L’effet papillon de mon chocolat

“Pourquoi tu manges encore du chocolat ?” questionnait mon fils l’autre soir. “Je n’achète plus d’avocat!” m’a confié ma collègue. Aïe, les deux ont raison: ni le cacao ni l’avocat ne poussent en Suisse! Dois-je y renoncer pour autant ? Mes choix de consommation courante sont devenus cornéliens. C’est parti pour un exercice de “triture-méninges”…

Nous avons tous des faiblesses. Je l’avoue, je craque pour le bon chocolat! Désolée pour le traditionnel chocolat au lait suisse, mais celui qui me plaît affiche au minimum 75% de cacao, avec un mimimum d’ingrédients dans sa composition. A l’heure du café après le repas familial du soir, la discussion a porté sur nos choix en matière d’aliments. Que peut-on encore acheter le coeur léger, quand on se soucie (dans l’ordre de mes priorités): pas d’emballages inutiles, de production locale, en production respectueuse de l’environnement et des humains (donc bio et de commerce équitable), naturel (donc sans hypertransformation), sans (trop de) sucre ajouté et abordables pour mon porte-monnaie ?

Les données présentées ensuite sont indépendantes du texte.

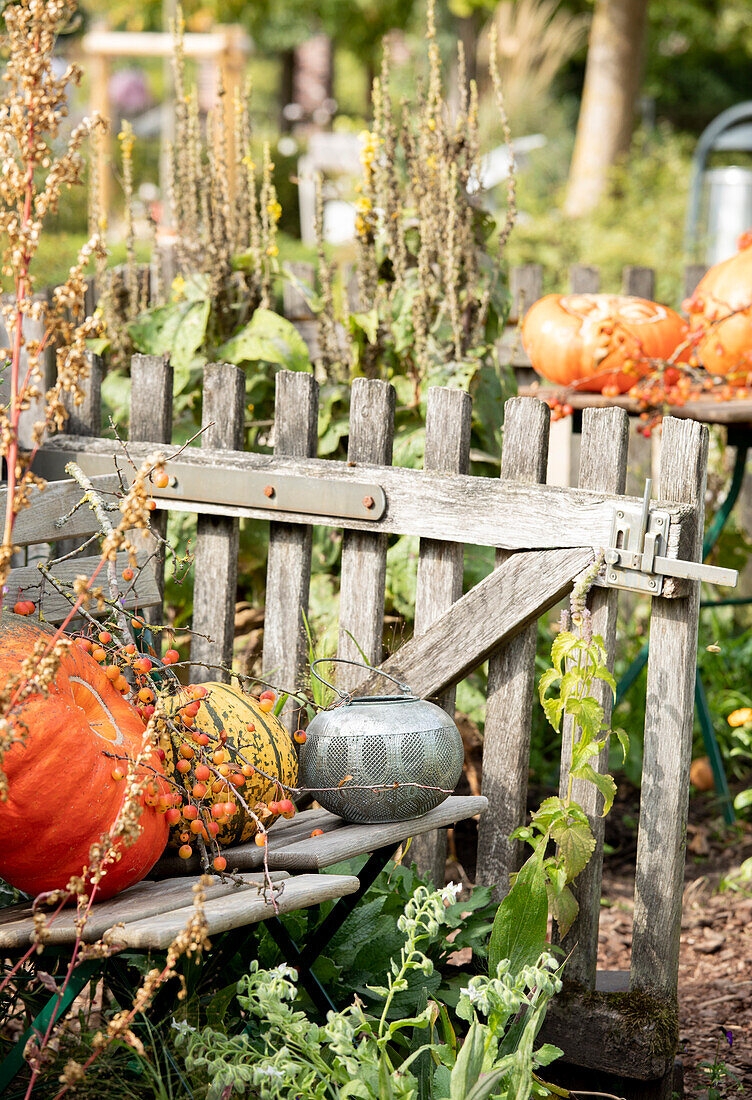 Lanterns in the garden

Aligner les conditions complique passablement l’acte d’achat! Ma tablette de chocolat noir du moment, par exemple, elle est bio est estampillée “fair trade”. Mais la tablette est emballée dans du carton (recyclable) et une fine feuille d’aluminium (recyclable). Carton et alu se recyclent, mais le recyclage n’est pas une bonne solution car cela consomme beaucoup de ressources (transport, énergie, eau…) pour réutiliser la matière première. Toutefois, c’est toujours mieux que la feuille de plastique issue du pétrole, une ressource non renouvellable. Et le plastique léger ne se recycle pas. Quant au chocolat non emballé vendu en vrac, je n’en ai pas encore trouvé à mon goût.

Oui, mais le cacao n’est pas produit en Suisse. Selon mon fils toujours très logique, si je veux être cohérente avec mes idées, je devrais y renoncer.

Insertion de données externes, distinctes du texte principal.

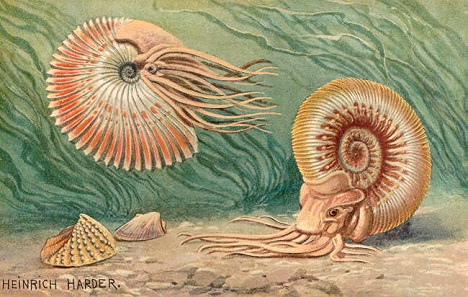 Evolution of Life 2015 – Ammonite - CoinsWeekly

Mais alors, je devrais aussi ne plus boire ni café, ni thé. Seulement des tisanes produites en Suisse. Fini les avocats (dont la culture est aussi catastrophique au niveau de l’impact environnemental), même bio. Dur! Continuons dans la logique: je ne devrais plus utiliser de citron dans ma cuisine, ni ne manger oranges, mandarines et bananes, fruits qui viennent de loin. Idem pour les noix de cajou, de pécan, les amandes. Fini les poissons d’eau de mer et les crustacés et vive les poissons d’eau douce de nos lacs (il y en a encore assez? Hier peut-être, mais aujourd’hui, c’est l’ouverture de la pêche!).

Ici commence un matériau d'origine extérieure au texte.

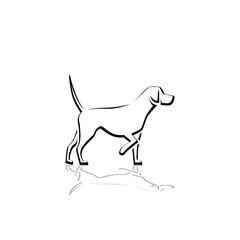 A dog as a pet. Illustration of a dog as a pet on a white background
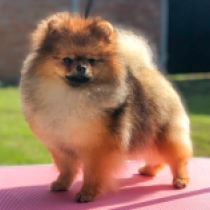 Pomeranian puppy for sale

La question est la suivante: où placer la barre du “lointain”? Est-ce que du saumon de Norvège, des tomates d’Italie, de l’huile d’olive de Grèce, c’est encore trop loin? Voilà qui complique la réflexion…

Micro-fibres diaboliques

Dans le ménage, il est d’autres postes où les choix sont tout aussi compliqués. Que c’est difficile de faire juste!

Un exemple: utiliser des torchons en microfibre permet d’économiser des produits ménagers. Mais ce textile synthéthique, malheureusement, perd des microfibres à chaque lavage (comme tout textile), des fibres que nos stations d’épuration sont pour le moment incapables de retenir.

L’alternative est de choisir ses torchons en coton, comme au bon vieux temps d’avant la microfibre. C’est moins efficace et surtout, le coton est une culture terrible pour l’environment (utilisation de pesticides, gigantestque consommation d’eau, conditions sociales de travail catastrophiques…). Je n’ai à ce jour encore pas vu de torchons en coton bio en vente… En l’état de mes connaissances, je continue donc d’utiliser mes torchons en microfibre…

Les tissus synthétiques sont partout. Il est extrêmement rare de trouver des habits où les composants naturels (laine, soie, coton, chanvre, lin…) ne sont pas mélangés avec un peu de fibres synthétiques issues du pétrole.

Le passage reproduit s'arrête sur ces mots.